Our team figured out a *cough* slightly hacky *cough* way to get this to work with the npm preinstall script.

Create a preinstall script (for example at ./scripts/netlify-preinstall.js):

const fs = require('fs')
const { spawnSync } = require('child_process')

// Netlify does not support Github Packages (or other private package registries besides npm), options are:
//   - Commit .npmrc to repo - However, now we have a secret token inside our repo
//   - Environment variable in .npmrc - However, this requires all developer machines to have the same environment variable configured
//   - Get creative with the preinstall script... :)

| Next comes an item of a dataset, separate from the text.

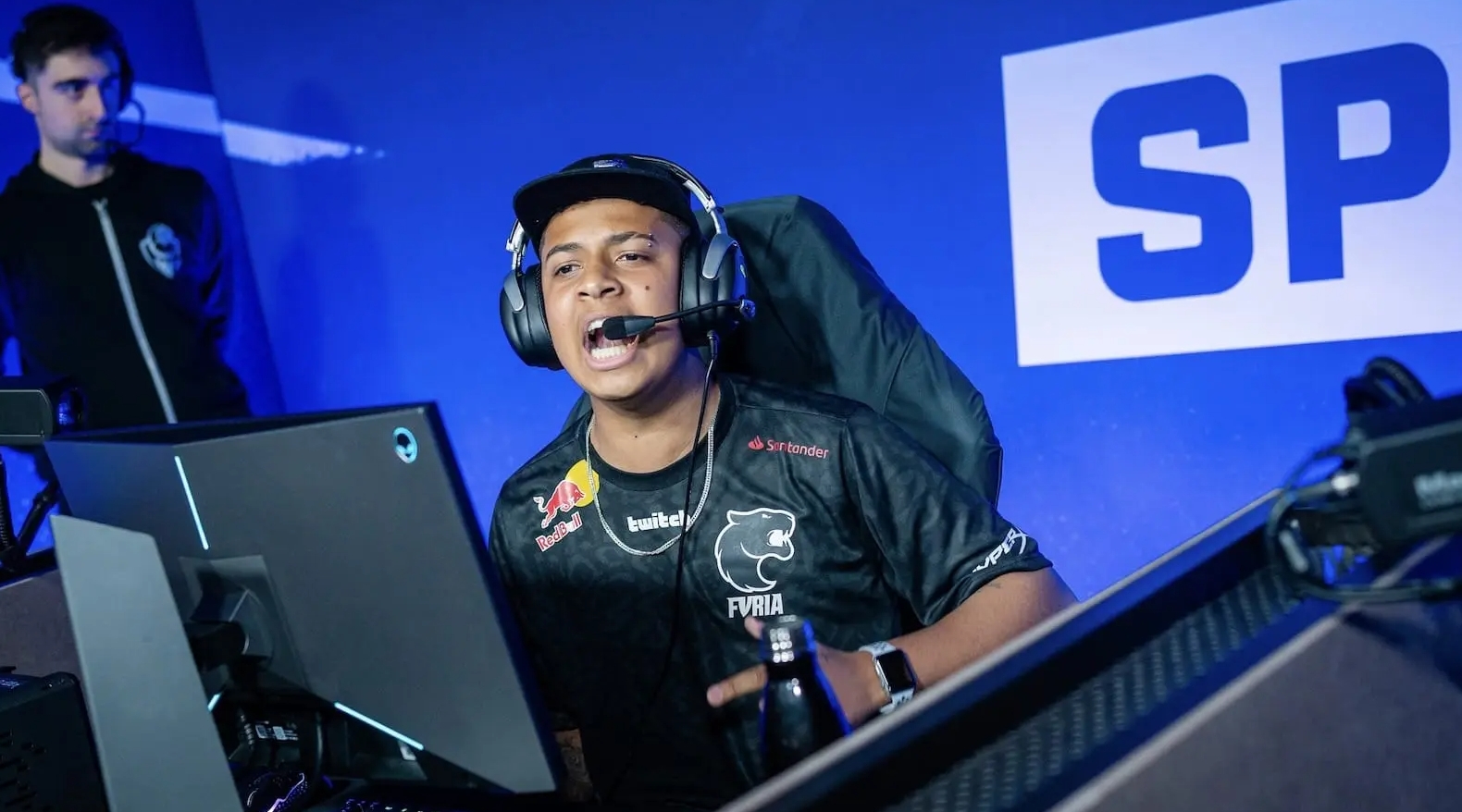 开赛的举办 开赛的举办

// Only run this script on Netlify
if (process.env.NETLIFY === 'true') { // this is a default Netlify environment variable
	// Check if .npmrc already exists, if it does then do nothing (otherwise we create an infinite yarn loop)
	if (!fs.existsSync('.npmrc')) {
		// Create .npmrc
		fs.writeFileSync('.npmrc', `//npm.pkg.github.com/:_authToken=${process.env.GITHUB_TOKEN}\n@oliverit:registry=https://npm.pkg.github.com/\n`)
		fs.chmodSync('.npmrc', 0o600)
		// Run yarn again, because the yarn process which is executing
		// this script won't pick up the .npmrc file we just created.
		// The original yarn process will continue after this second yarn process finishes,
		// and when it does it will report "success Already up-to-date."
		spawnSync('yarn', { stdio: 'inherit' })
	}
}

Configure npm/yarn to run this script before installing dependencies by defining the preinstall script inside the package.json file:

  "scripts": {
    "preinstall": "node ./scripts/netlify-preinstall.js"
  },

Don’t forget to add the GITHUB_TOKEN variable in your Netlify team or site settings.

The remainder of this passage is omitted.